Your assignment ->
Pull out every line below containing the word "Hotel".

Segment Start: Data to examine

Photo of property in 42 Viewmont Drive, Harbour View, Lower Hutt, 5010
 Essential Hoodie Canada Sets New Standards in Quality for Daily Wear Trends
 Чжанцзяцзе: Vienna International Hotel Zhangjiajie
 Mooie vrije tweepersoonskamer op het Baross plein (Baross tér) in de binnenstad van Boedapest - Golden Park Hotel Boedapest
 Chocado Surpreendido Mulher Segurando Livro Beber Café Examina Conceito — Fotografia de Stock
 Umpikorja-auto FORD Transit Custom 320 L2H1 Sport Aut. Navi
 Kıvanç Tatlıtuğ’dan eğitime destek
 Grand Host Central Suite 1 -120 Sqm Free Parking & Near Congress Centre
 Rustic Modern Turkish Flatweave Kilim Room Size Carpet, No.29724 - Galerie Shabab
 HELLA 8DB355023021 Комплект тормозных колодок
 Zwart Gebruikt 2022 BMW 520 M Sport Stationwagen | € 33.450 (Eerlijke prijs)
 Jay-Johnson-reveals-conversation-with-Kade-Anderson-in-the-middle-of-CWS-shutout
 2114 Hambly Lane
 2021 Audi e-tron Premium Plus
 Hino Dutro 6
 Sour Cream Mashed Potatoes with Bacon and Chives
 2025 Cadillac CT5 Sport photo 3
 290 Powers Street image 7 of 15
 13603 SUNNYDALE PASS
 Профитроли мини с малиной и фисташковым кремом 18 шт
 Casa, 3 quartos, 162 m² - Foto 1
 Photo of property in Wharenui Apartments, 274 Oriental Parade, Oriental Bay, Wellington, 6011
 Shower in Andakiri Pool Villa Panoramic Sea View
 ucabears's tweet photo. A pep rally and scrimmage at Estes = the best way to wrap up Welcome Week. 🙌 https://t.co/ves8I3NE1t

Segment End: Data to examine

Solved problem ->
 Чжанцзяцзе: Vienna International Hotel Zhangjiajie
 Mooie vrije tweepersoonskamer op het Baross plein (Baross tér) in de binnenstad van Boedapest - Golden Park Hotel Boedapest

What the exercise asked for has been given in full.